→ **Prompt**: From the line containing "Hey everyone, this" down to the last line of the material, output each line exactly as it appears, excluding pictures.

(Beginning of Material shown)

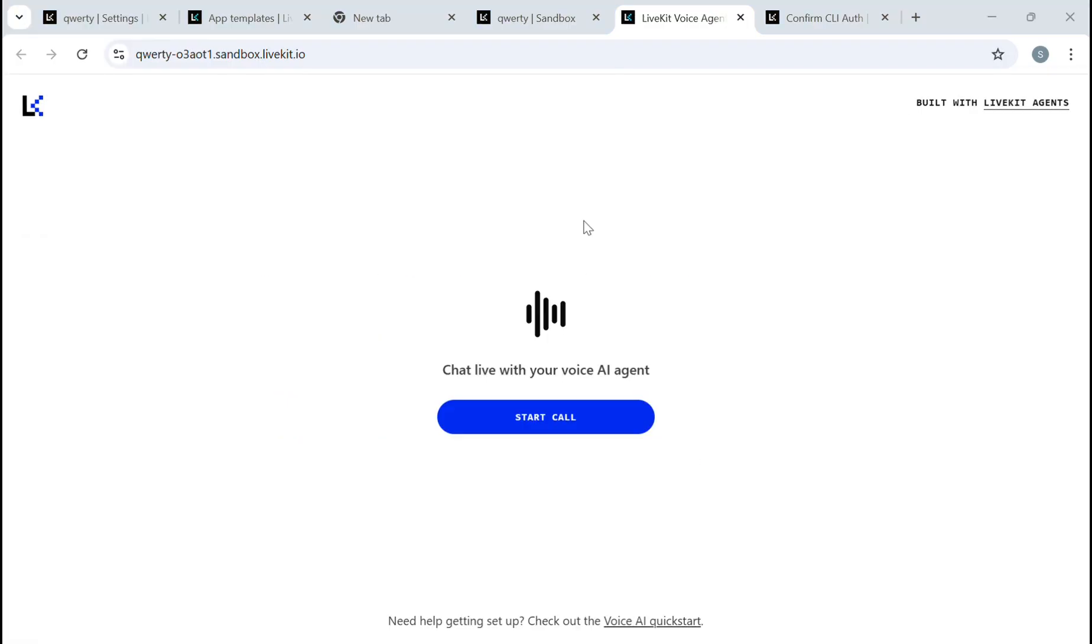And that's it. You have successfully deployed your LiveKit application to LiveKit Cloud. LiveKit Cloud handles scaling, load balancing, and infrastructure management, allowing you to focus on building amazing real-time applications. If you found this video helpful, give it a thumbs up and drop any questions in the comments below.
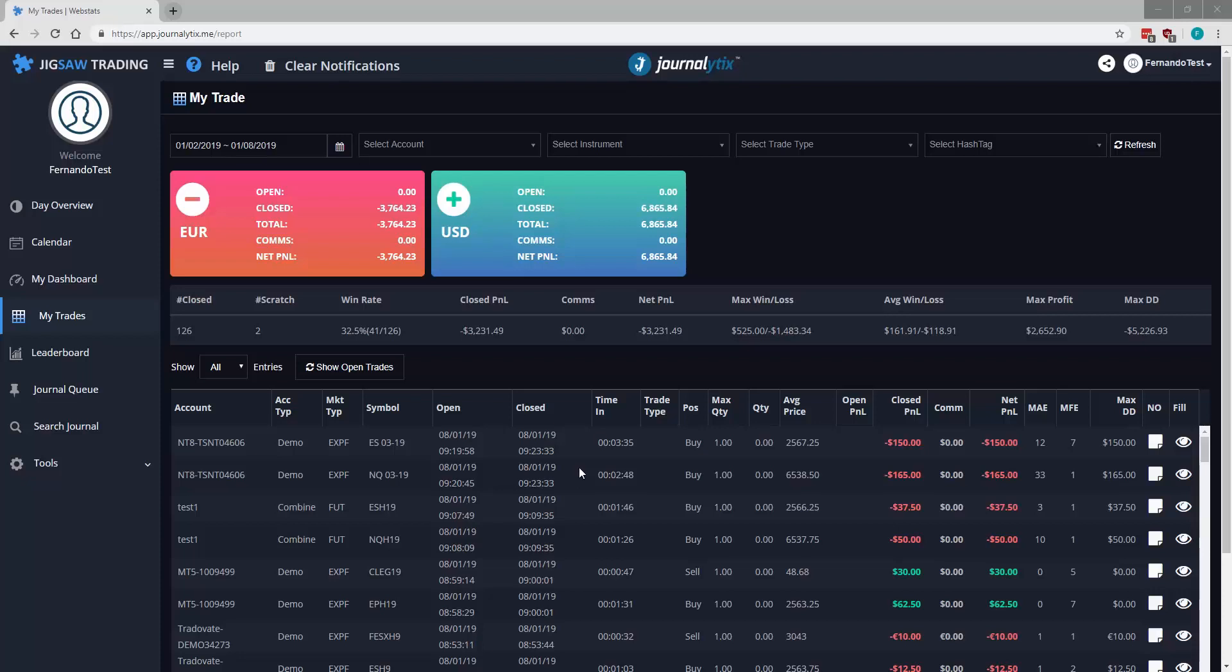Hi, in this video we'll take a look at how to set commissions in Journalytics. We'll start with my trades page. We have our closed P&L column and now we have a new column called Net P&L which will show our P&L with commissions applied.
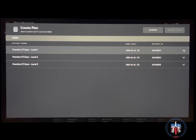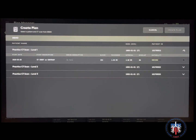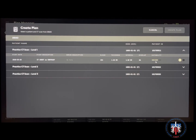Next, select the series of choice. A suitability mark will show up with a green, yellow, or red marker. A green marker means all parameters have been met. A yellow marker means that some of them have been met but the plan can still be created, and a red marker means that the plan cannot be created.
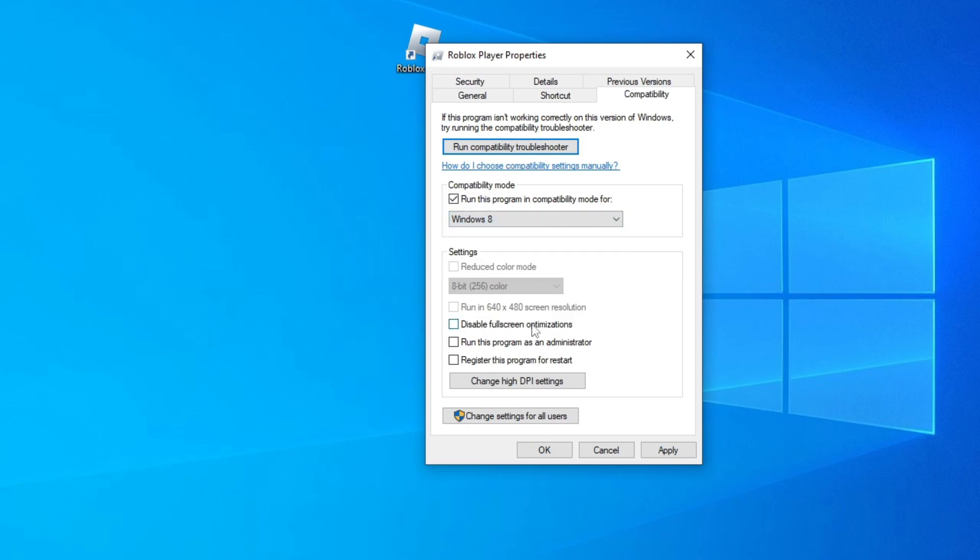Also, check the boxes to disable full-screen optimization and also run this program as an administrator. Click Apply and click OK.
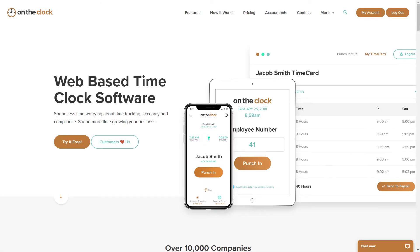Hey everyone, this is Brynn with On The Clock and in this video we are going to cover how to delete and restore employees. I'm also going to explain the importance of deleting inactive employees from your account. Let's go ahead and get started.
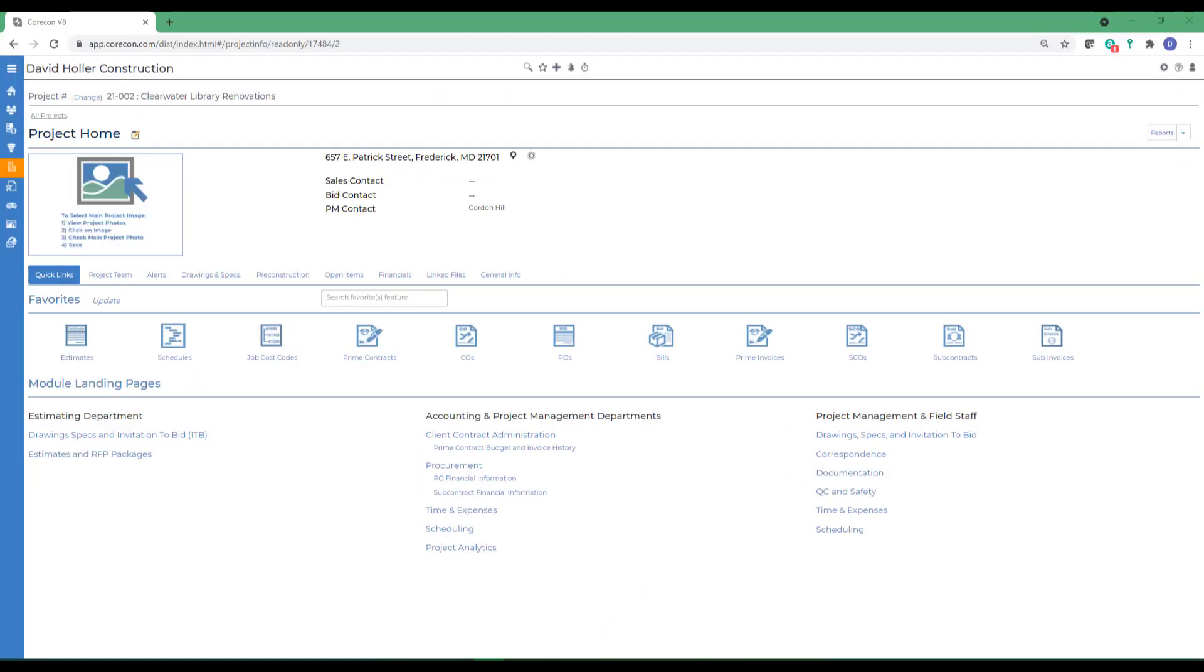In this video segment, we're going to explore the contract administration module of CoreCon. After a brief overview, we'll also discuss the contract administration settings and the contract administration landing page.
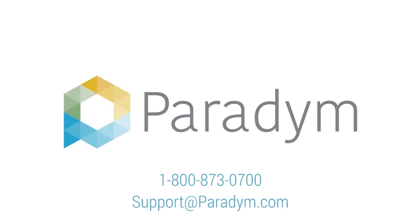If you have any questions, please give us a call at 1-800-873-0700.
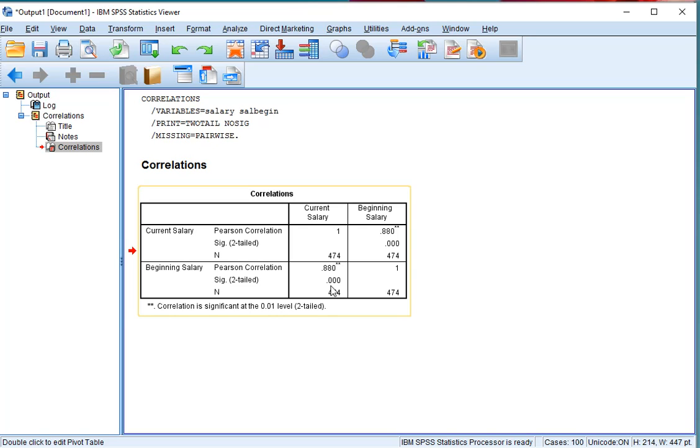Unfortunately, this method does not show you the determination coefficient, but you can simply square the result of this one and you actually have the determination coefficient.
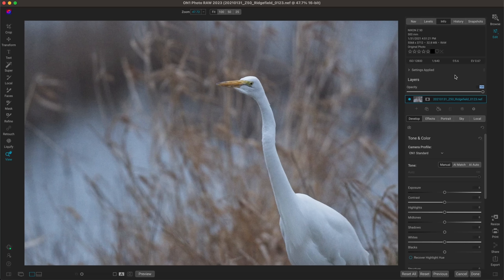Hey everyone, in this video let's discuss some tips for editing bird photographs in ON1 Photo RAW. My first tip for editing bird photographs is to denoise your image. More often than not when we're photographing birds, we're using a higher ISO than we normally do, just so that we can capture and freeze the frame of that bird.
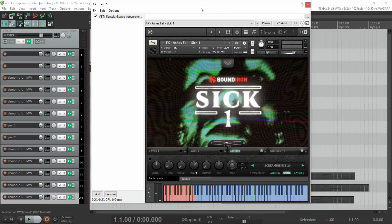Hi, this is Nathan from Sound Iron. Today I'm going to walk you through my composition for SICK 1.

(End of Material shown)

→ **Solution below**:
Hey everyone, this is Brynn with On The Clock and in this video we are going to cover how to delete and restore employees. I'm also going to explain the importance of deleting inactive employees from your account. Let's go ahead and get started.
In this video segment, we're going to explore the contract administration module of CoreCon. After a brief overview, we'll also discuss the contract administration settings and the contract administration landing page.
If you have any questions, please give us a call at 1-800-873-0700.
Unfortunately, this method does not show you the determination coefficient, but you can simply square the result of this one and you actually have the determination coefficient.
Hey everyone, in this video let's discuss some tips for editing bird photographs in ON1 Photo RAW. My first tip for editing bird photographs is to denoise your image. More often than not when we're photographing birds, we're using a higher ISO than we normally do, just so that we can capture and freeze the frame of that bird.
Hi, this is Nathan from Sound Iron. Today I'm going to walk you through my composition for SICK 1.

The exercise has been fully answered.